Hay Festival Bookshop manager and garden designer Gareth Howell-Jones has released a new book that explore a new way of looking at the world. The book has the novel and intriguing title of ‘Do Not Call the Tortoise’.

The book is a collection of essays about ignorance, Coleridge, Darwin and the meaning of life and more.

Discussing the essays, Gareth said: “They’re all written from one particular viewpoint, this STA viewpoint.

“It’s a slightly different way of looking at the world, which occurred to me when I was standing just below the [Hay] Castle walls. On one winter’s morning, I was looking out across the car park at a low morning sun firing through the fog and I suddenly realised these things I could see;  the sun, the fog, the grass, and the trees have got a sort of basic bed rock reality that all the little thoughts buzzing around in my head about the news, about work, and about whether I had upset somebody, all these little busy thoughts in my head didn’t have quite the same reality.”

Gareth had previously written a larger  book called STA, which was 85,000 words long and is now being put out online for free bit by bit each week, and will last until March.

STA comes from a latin quote in the Bible, ‘STA et considera miracle dei,’ and it means ‘stand still and consider the wonderous works of God.’

“In other words, just stop and look at things and try and take them for what they are,” explained Gareth.

Most of the thoughts and beliefs in the book came to Gareth as he was walking in the hills.

Do Not Call the Tortoise provides a response to Darwin’s ideas.

Gareth said: “Thinking about the implications of evolution and Darwin is quite a big thing because what we tend to think of, and what gets publicised a lot now in evolution is the natural selection idea.

“The idea that everything is in competition and fighting against each other, which isn’t really a very accurate picture of what happens overall, although some of that goes on.

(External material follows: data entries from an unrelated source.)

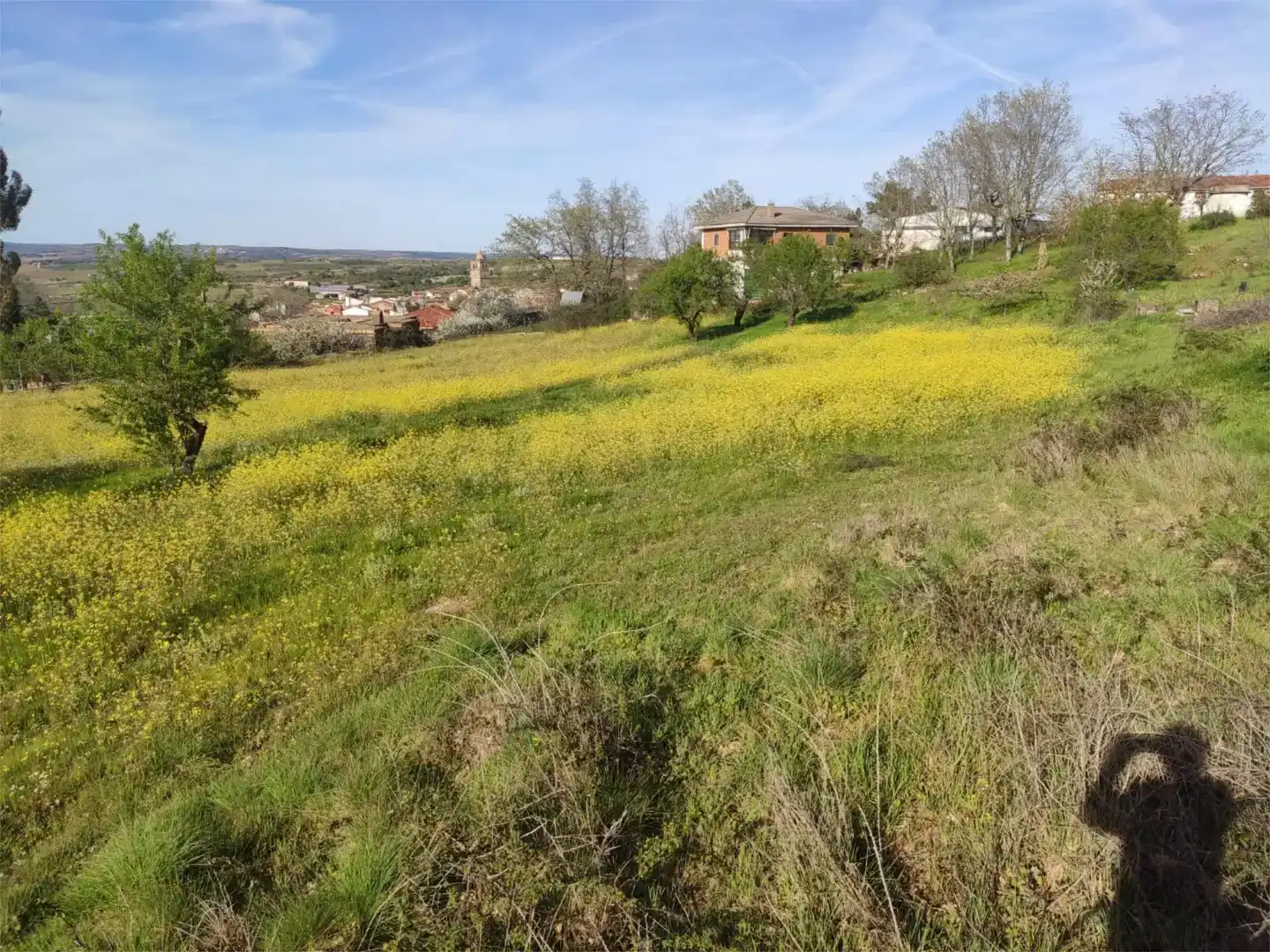Finca rústica en venda en Aldeadávila de la Ribera amb Jardí privat, Traster i Moblat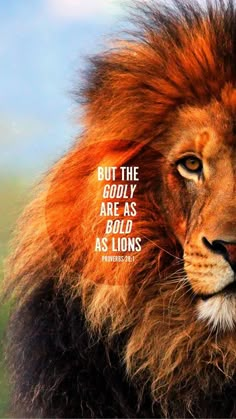 a lion with the words, but the godly are as bold as lions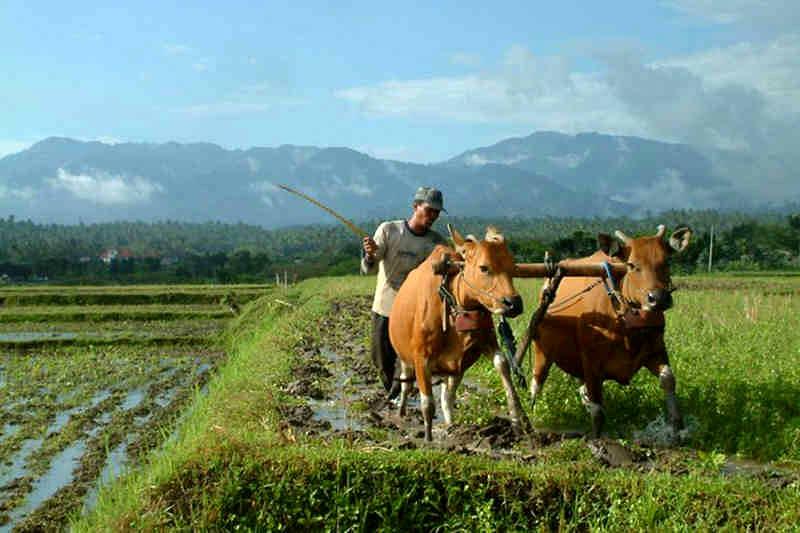 Masa Jeda, Saatnya Harmonisasikan Pertanian Dan Pariwisata | BALIPOST.com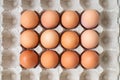 Square pallet for recycling chicken eggs with red chicken eggs. View from above Royalty Free Stock Photo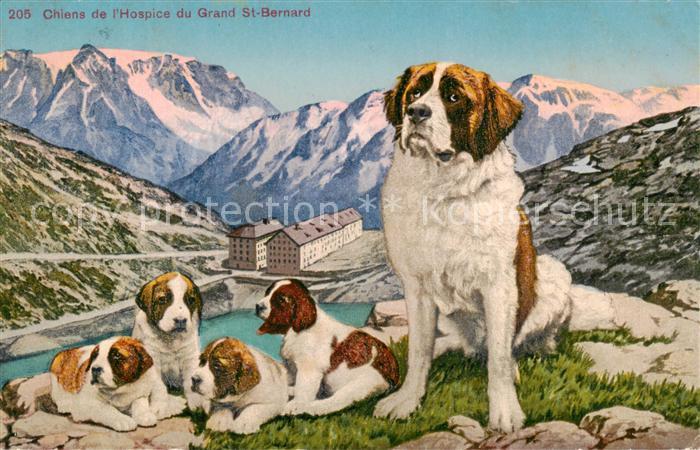Verlag GJG Nr. 205 Grand St Bernard Hunde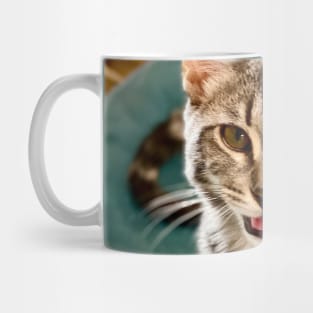 Cat Cafe: Sherlock (gifts) Mug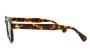 ΓΥΑΛΙΑ ΗΛΙΟΥ MOSCOT LEMTOSH BASE 2 TORTOISE CELEBRITY BL 4624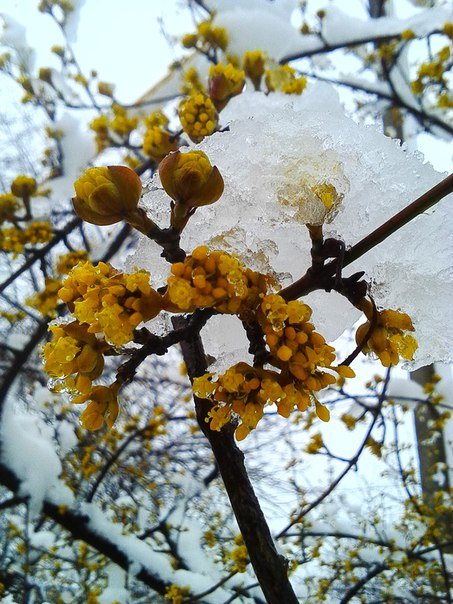 В Одесскую область вернулась зима: фото цветущих деревьев в снегу (ФОТО) (фото) - фото 1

“What Darwin absolutely proves is what’s called common ancestry. Four billion years ago there was one cell and now everything, including the trees, the grass, the bacteria between your teeth , have all descended from that one cell and so we are all actually related. The divisions that we like to draw up toput things into differnt categories are quite helpful, to help us sort out information, but they are not actually true.”

Gareth told the Brecon and Radnor Express about the unique title of his book.

“It’s a good title, but nobody understands it!” he said.

“It’s catchy. I was delighted nobody had come across it before, I thought someone was bound to have used it.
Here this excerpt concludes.